__Assignment__
From the line that contains "Will MNS Raj" down to the last line of the entries, repeat every line exactly. Do not carry over the pictures.

__Material provided__

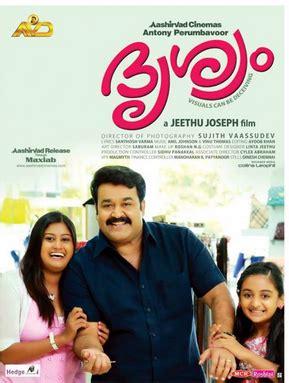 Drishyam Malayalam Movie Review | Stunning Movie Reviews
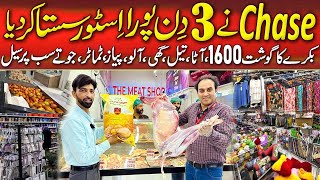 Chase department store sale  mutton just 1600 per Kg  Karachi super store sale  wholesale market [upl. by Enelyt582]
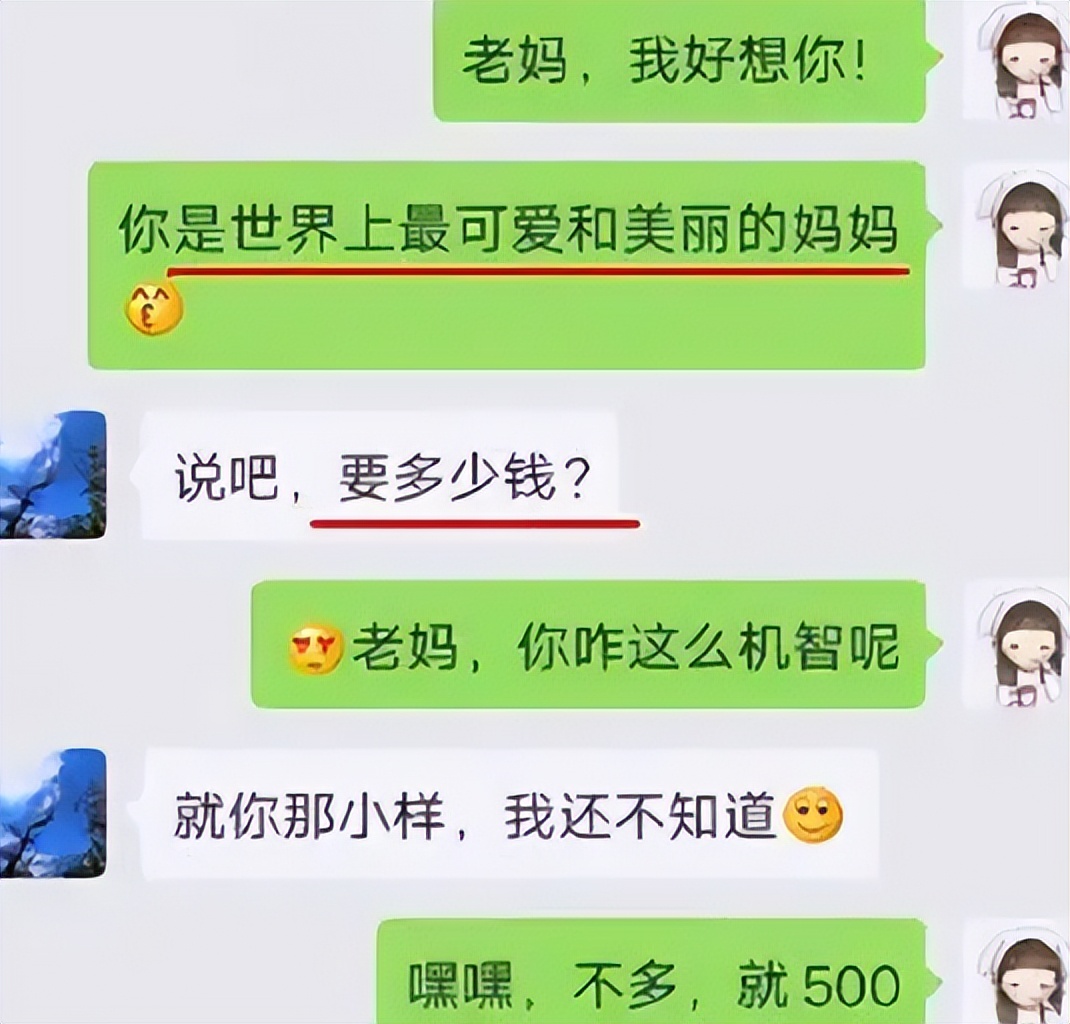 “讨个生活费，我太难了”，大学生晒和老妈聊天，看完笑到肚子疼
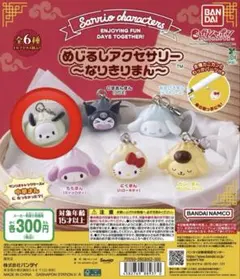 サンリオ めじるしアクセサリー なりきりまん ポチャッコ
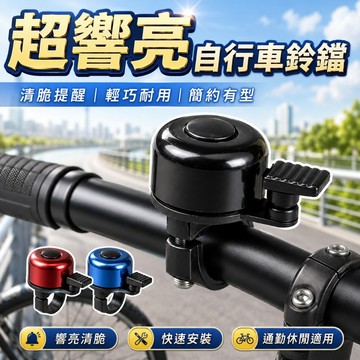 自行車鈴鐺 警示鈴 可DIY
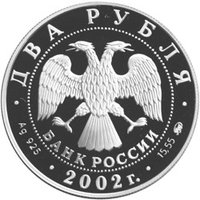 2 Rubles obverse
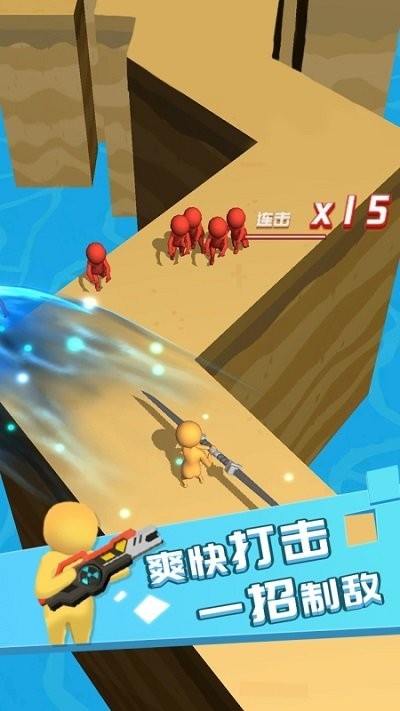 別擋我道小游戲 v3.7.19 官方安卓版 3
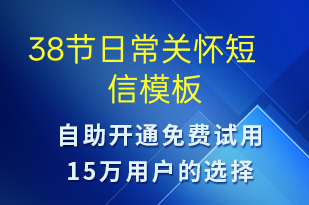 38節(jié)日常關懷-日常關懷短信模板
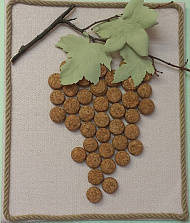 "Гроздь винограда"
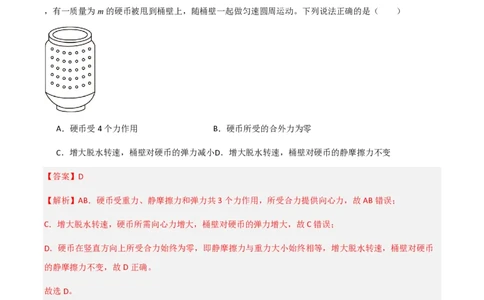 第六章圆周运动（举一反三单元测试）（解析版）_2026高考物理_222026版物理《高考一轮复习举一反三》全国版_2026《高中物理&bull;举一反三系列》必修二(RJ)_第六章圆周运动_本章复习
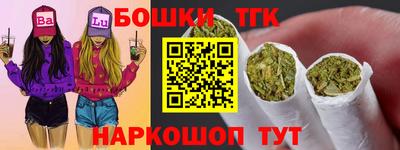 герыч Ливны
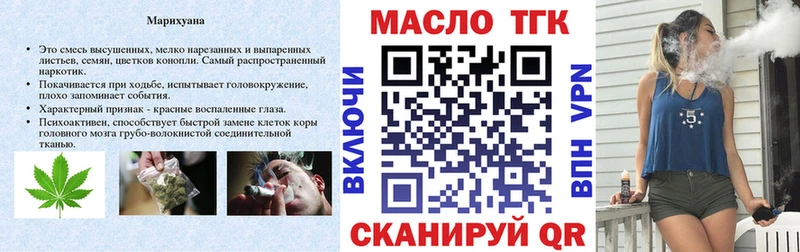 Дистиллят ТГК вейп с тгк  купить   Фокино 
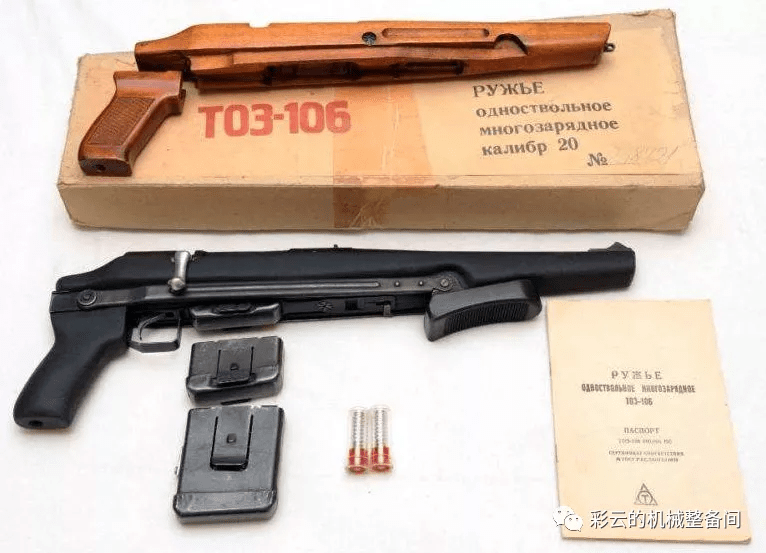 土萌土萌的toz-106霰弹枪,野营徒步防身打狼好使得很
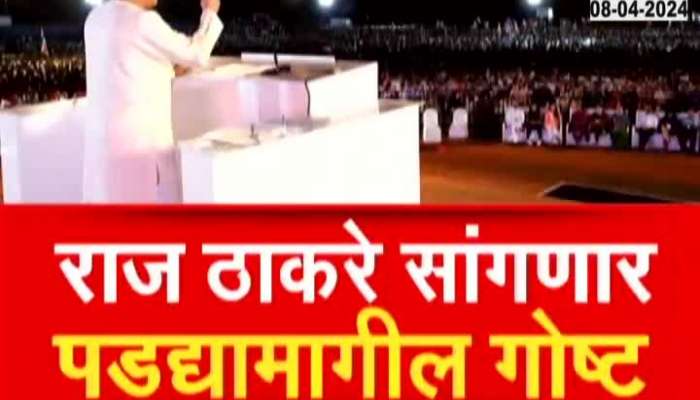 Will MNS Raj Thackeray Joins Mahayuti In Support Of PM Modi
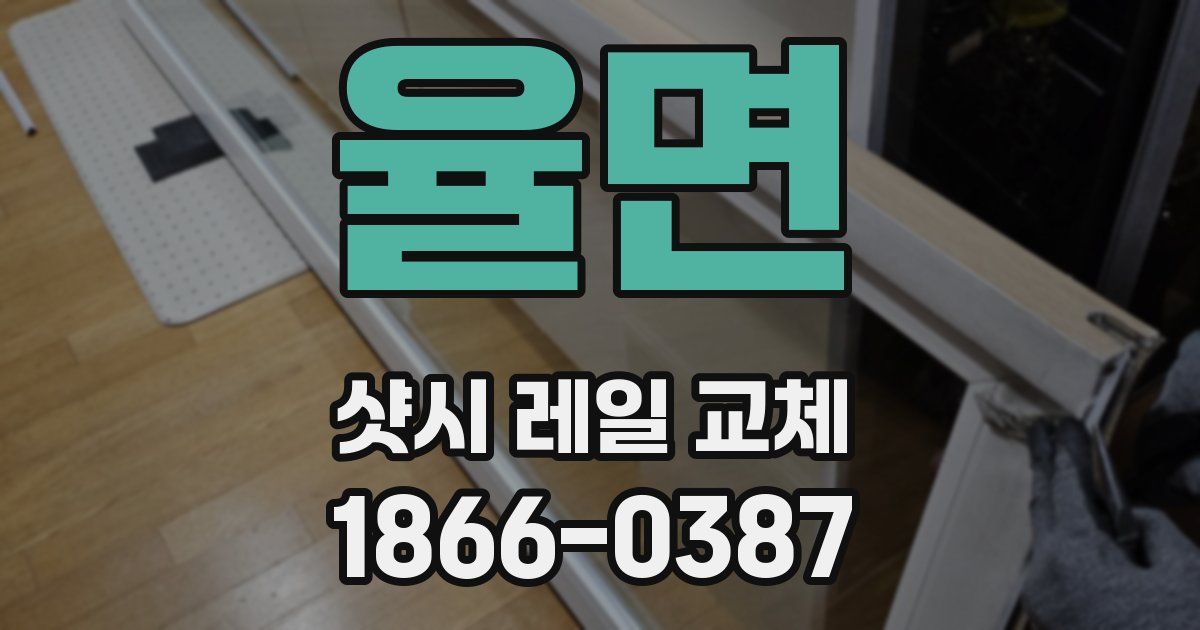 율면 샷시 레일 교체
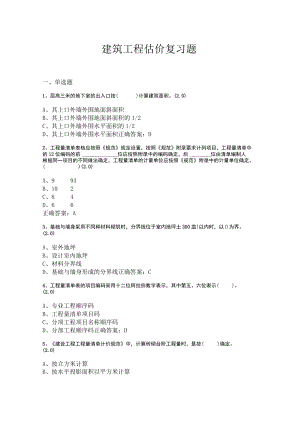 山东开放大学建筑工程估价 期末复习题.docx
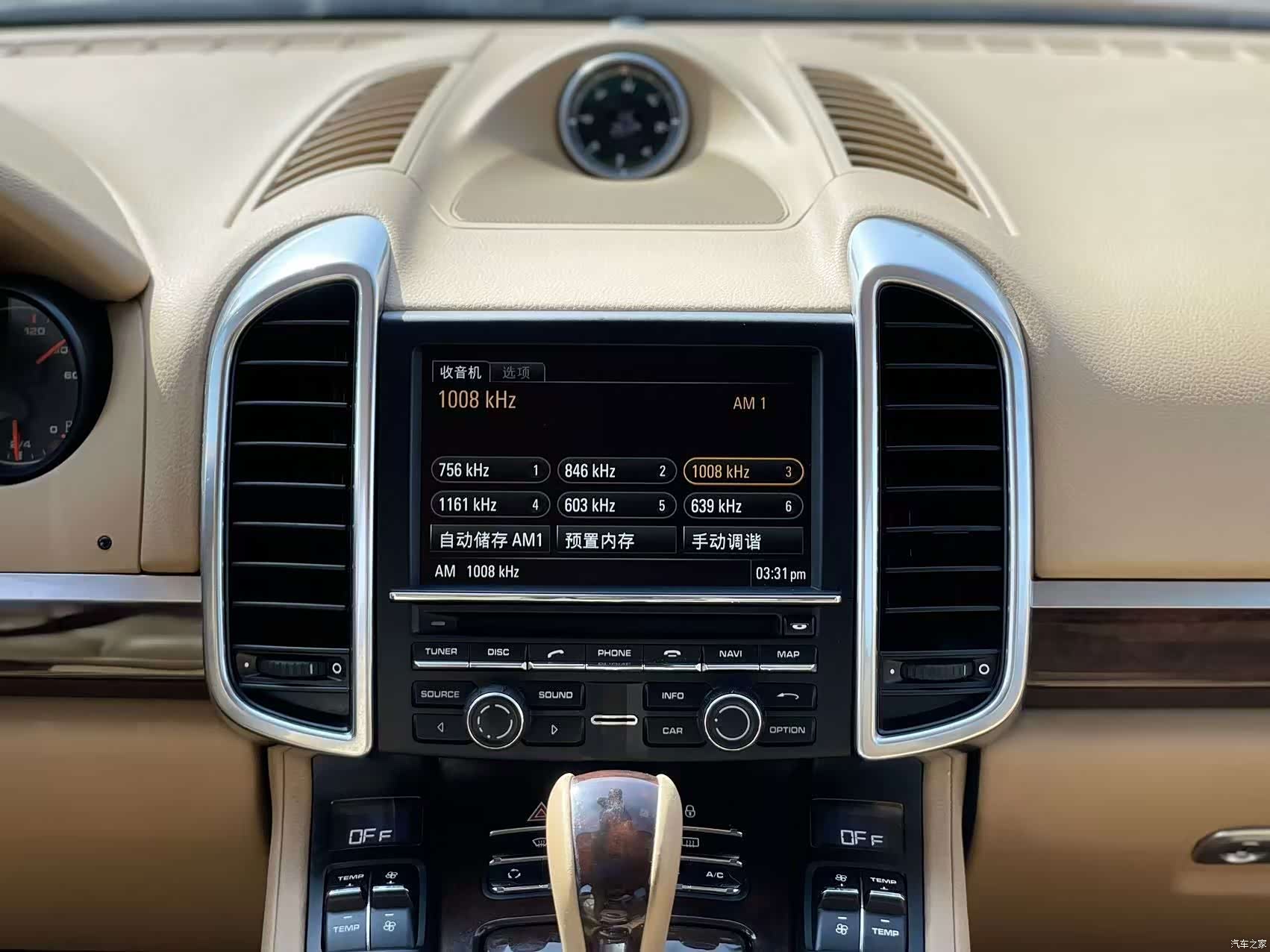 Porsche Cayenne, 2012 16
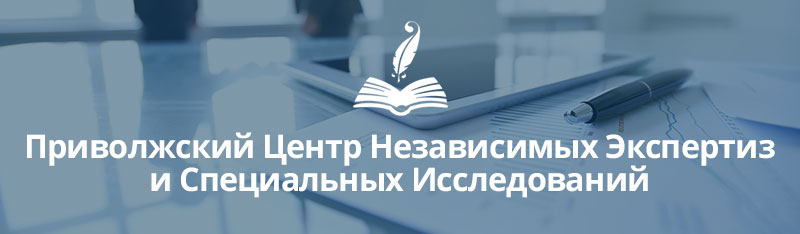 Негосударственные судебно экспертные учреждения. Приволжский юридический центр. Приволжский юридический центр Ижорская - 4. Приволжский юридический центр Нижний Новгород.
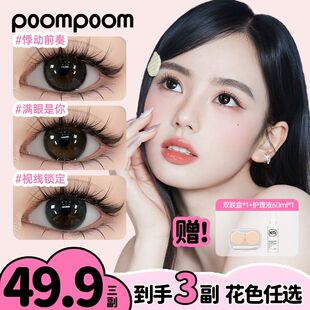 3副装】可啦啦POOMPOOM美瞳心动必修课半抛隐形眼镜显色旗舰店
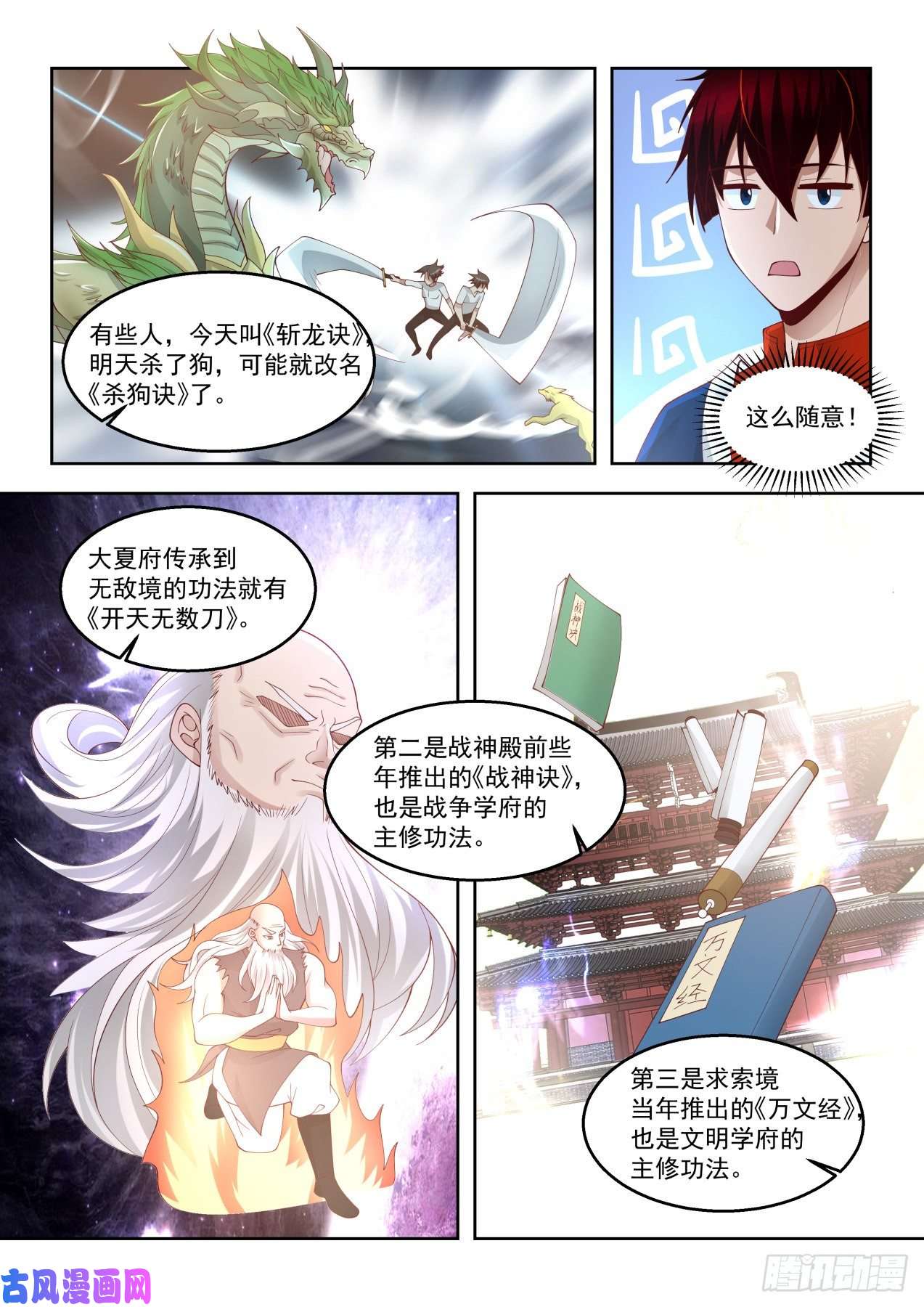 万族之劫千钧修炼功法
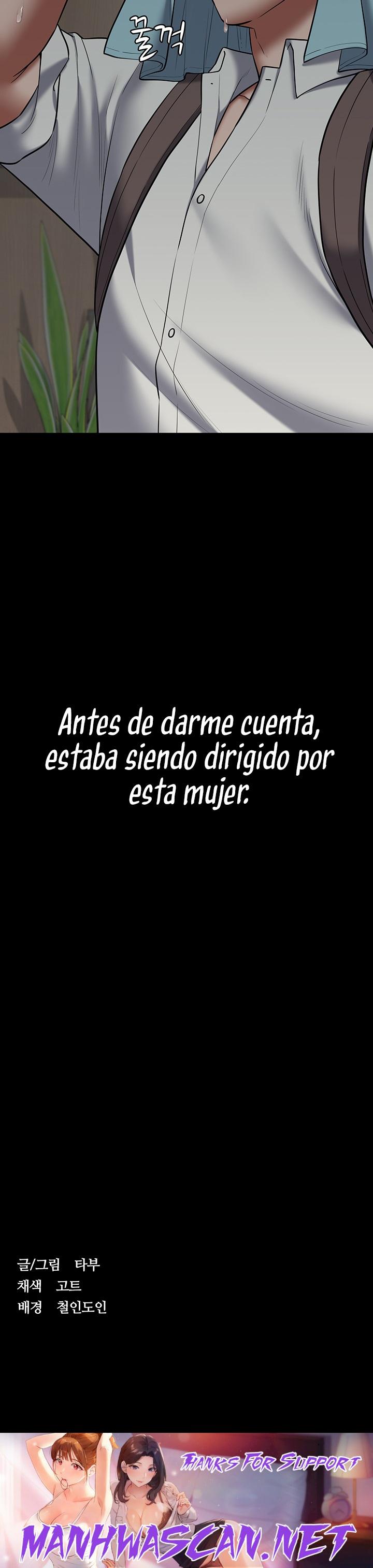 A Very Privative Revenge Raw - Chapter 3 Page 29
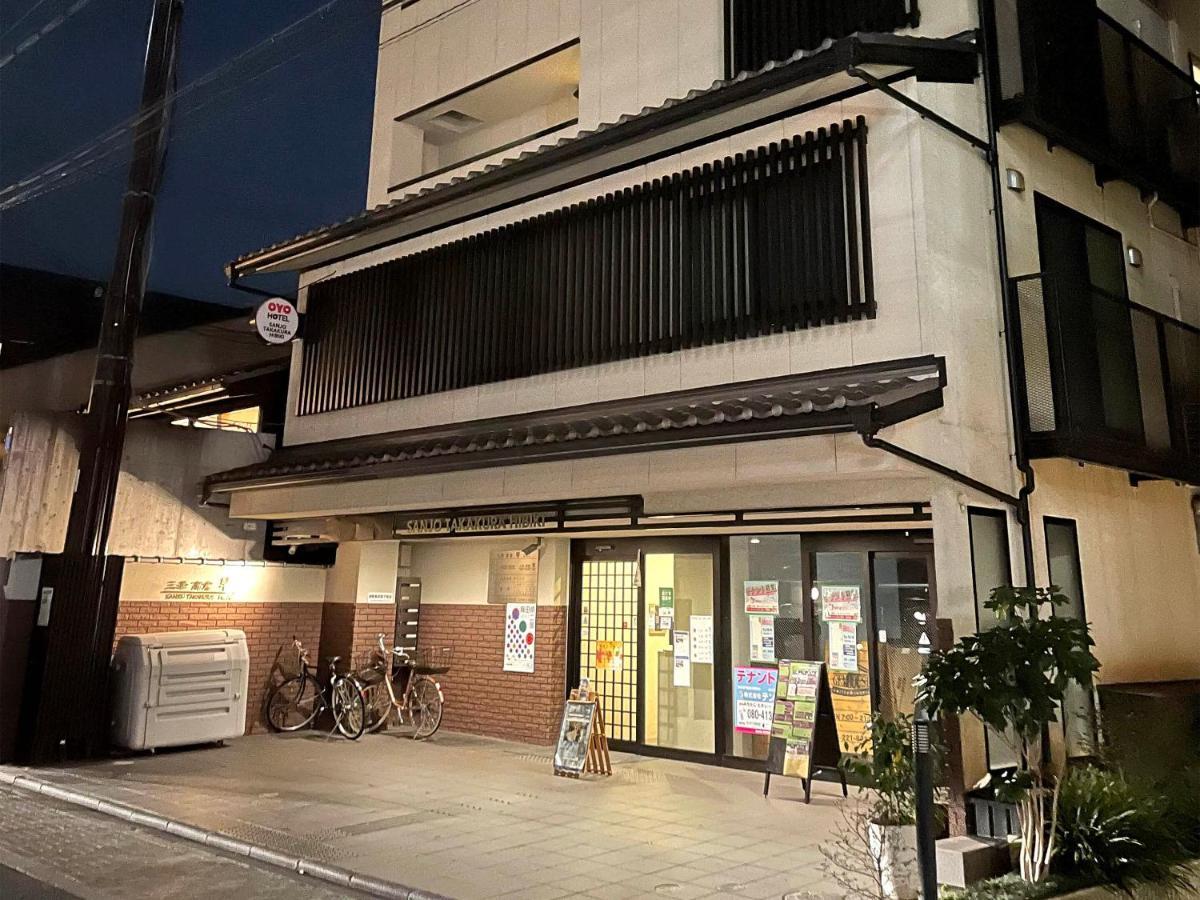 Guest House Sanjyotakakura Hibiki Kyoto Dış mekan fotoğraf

__Reply to the task__
 Will MNS Raj Thackeray Joins Mahayuti In Support Of PM Modi
 율면 샷시 레일 교체
 山东开放大学建筑工程估价 期末复习题.docx
 Porsche Cayenne, 2012 16
 Негосударственные судебно экспертные учреждения. Приволжский юридический центр. Приволжский юридический центр Ижорская - 4. Приволжский юридический центр Нижний Новгород.
 3副装】可啦啦POOMPOOM美瞳心动必修课半抛隐形眼镜显色旗舰店
 万族之劫千钧修炼功法
 A Very Privative Revenge Raw - Chapter 3 Page 29
 Guest House Sanjyotakakura Hibiki Kyoto Dış mekan fotoğraf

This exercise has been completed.